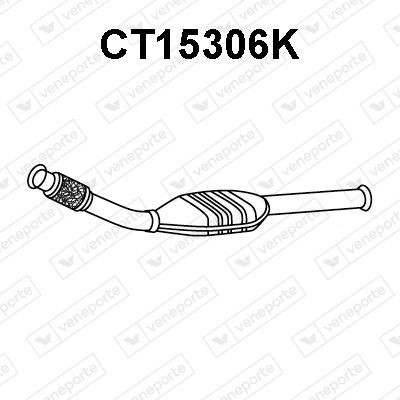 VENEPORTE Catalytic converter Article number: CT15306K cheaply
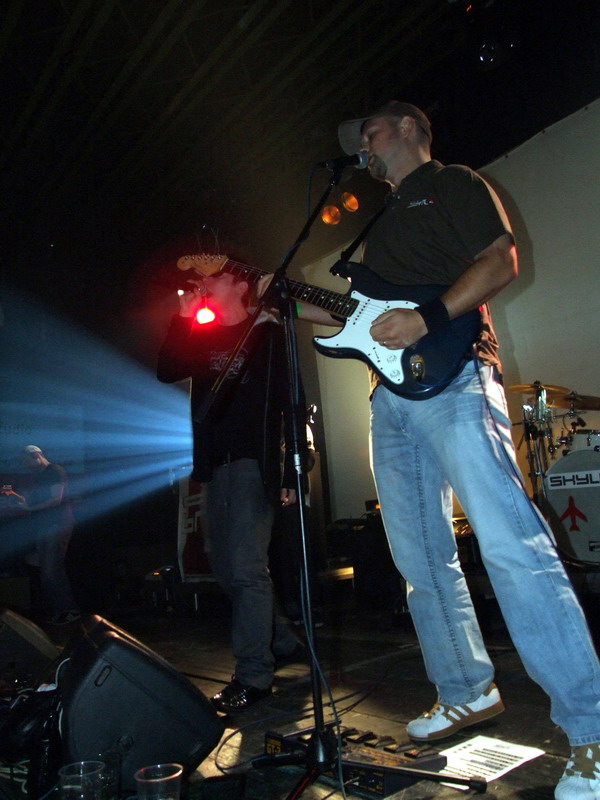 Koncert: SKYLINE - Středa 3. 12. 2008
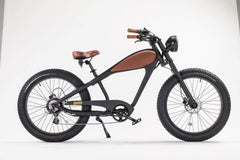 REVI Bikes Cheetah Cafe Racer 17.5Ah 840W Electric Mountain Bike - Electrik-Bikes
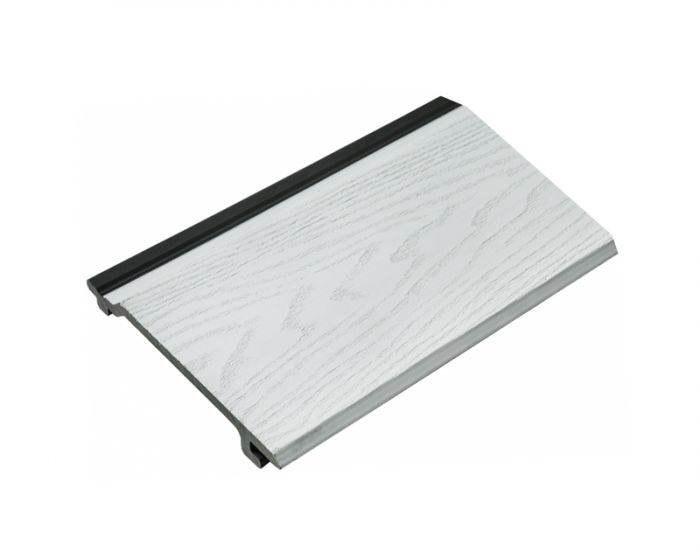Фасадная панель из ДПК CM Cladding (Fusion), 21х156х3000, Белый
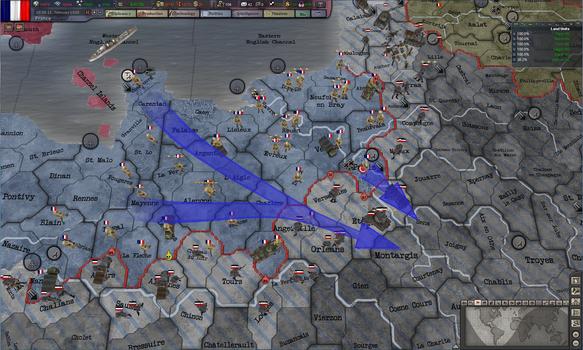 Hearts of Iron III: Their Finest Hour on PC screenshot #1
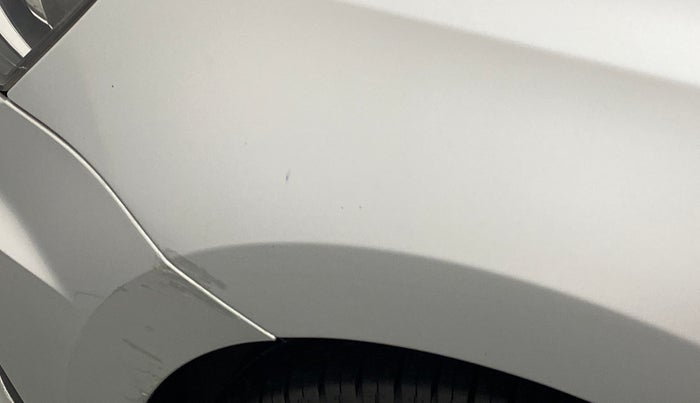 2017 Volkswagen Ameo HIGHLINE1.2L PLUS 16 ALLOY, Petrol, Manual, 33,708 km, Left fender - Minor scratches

==================================================

**Assignment**: Repeat the listing in full and to the letter, excluding every image.

**Exercise solution**:
 VENEPORTE Catalytic converter Article number: CT15306K cheaply
 Koncert: SKYLINE - Středa 3. 12. 2008
 REVI Bikes Cheetah Cafe Racer 17.5Ah 840W Electric Mountain Bike - Electrik-Bikes
Фасадная панель из ДПК CM Cladding (Fusion), 21х156х3000, Белый
 Hearts of Iron III: Their Finest Hour on PC screenshot #1
 2017 Volkswagen Ameo HIGHLINE1.2L PLUS 16 ALLOY, Petrol, Manual, 33,708 km, Left fender - Minor scratches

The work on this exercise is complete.